Alexandra Sinclair pointed to the studies that found the GLP-1R agonists to be effective against alcohol use disorder only in a subgroup that had obesity, and she also noted that epidemiological studies of the efficacy of GLP-1R agonists against substance use disorder tended to have data mainly from patients with obesity because they were the most likely to be prescribed one of the agonists. Given that, she said, what is known about possible differences in efficacy between individuals with and without obesity? To Farokhnia’s understanding, the only clinical trial testing GLP-1R agonists on alcohol use disorder is the one he described in his presentation. That trial did find that people with a high BMI had a better response, but since it is the only such trial so far, it is too soon to know for sure whether that relationship between BMI and response will hold up. In their ongoing clinical trial, they are recruiting a wider range of participants, he said, but safety considerations keep them from recruiting people with a BMI below 25 because of concerns they might get too thin. Still, he concluded, “it’s very plausible to think that people with higher BMI may respond better to these medications.”

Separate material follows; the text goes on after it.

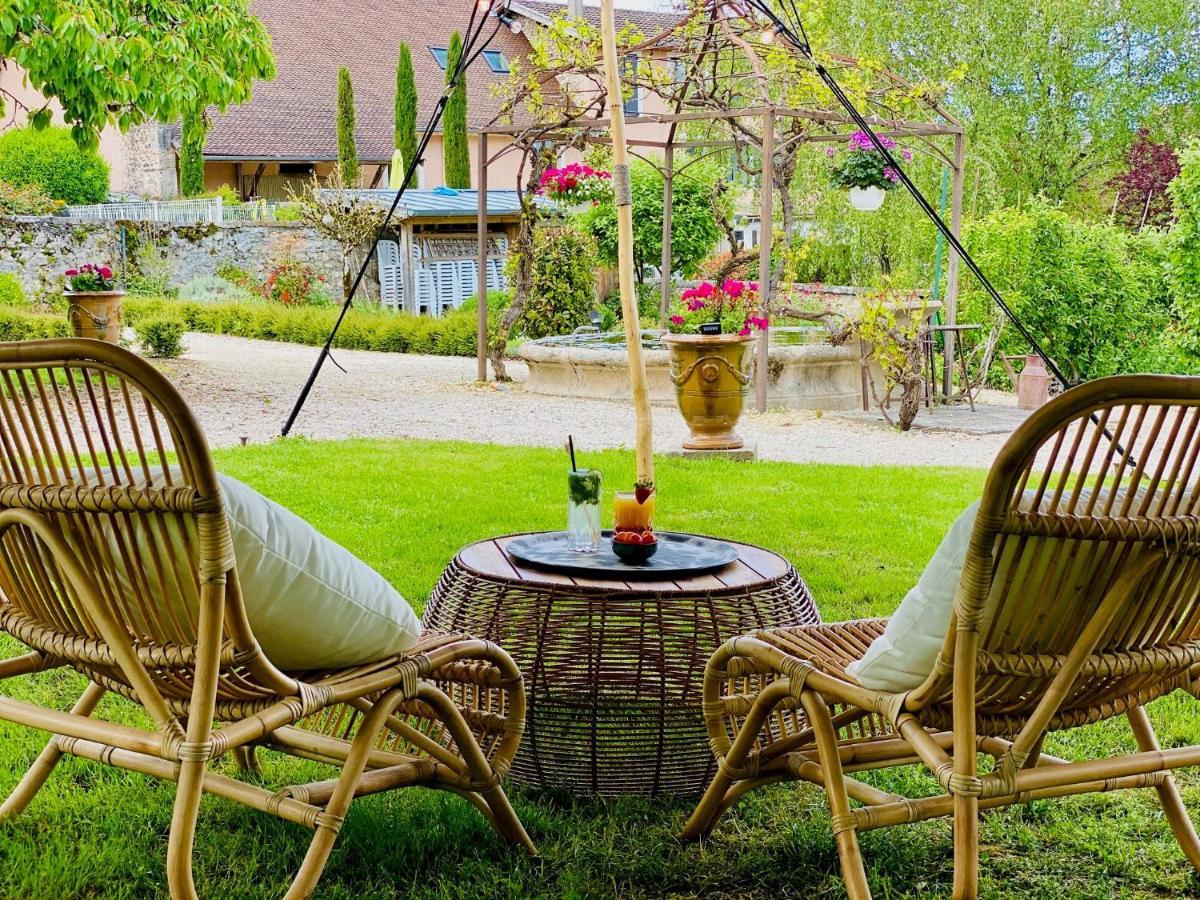 Les Villas Du Domaine De Suzel Vignieu Eksteriør billede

Leggio wrapped up the discussion session by responding to an online question from a workshop participant who asked about the social effects that GLP-1R agonists might have in humans. “Addiction is a complex disease where there are many social determinants,” Leggio said. He added that one of the main challenges relative to these drugs, in addition to determin-

ing whether they work in people with addiction, will be implementing them at the community level. “Today we do have medications approved by the FDA to treat addiction, but they’re only used for 2 percent to 20 percent of the patients,” he said. “So, think about if this was a cancer workshop, and I was telling [you] today that we only treat 2 percent to 20 percent of people with cancer. That would be unacceptable.” Given that, Leggio said, people in the field should also be thinking about implementation and the social implications for their patients.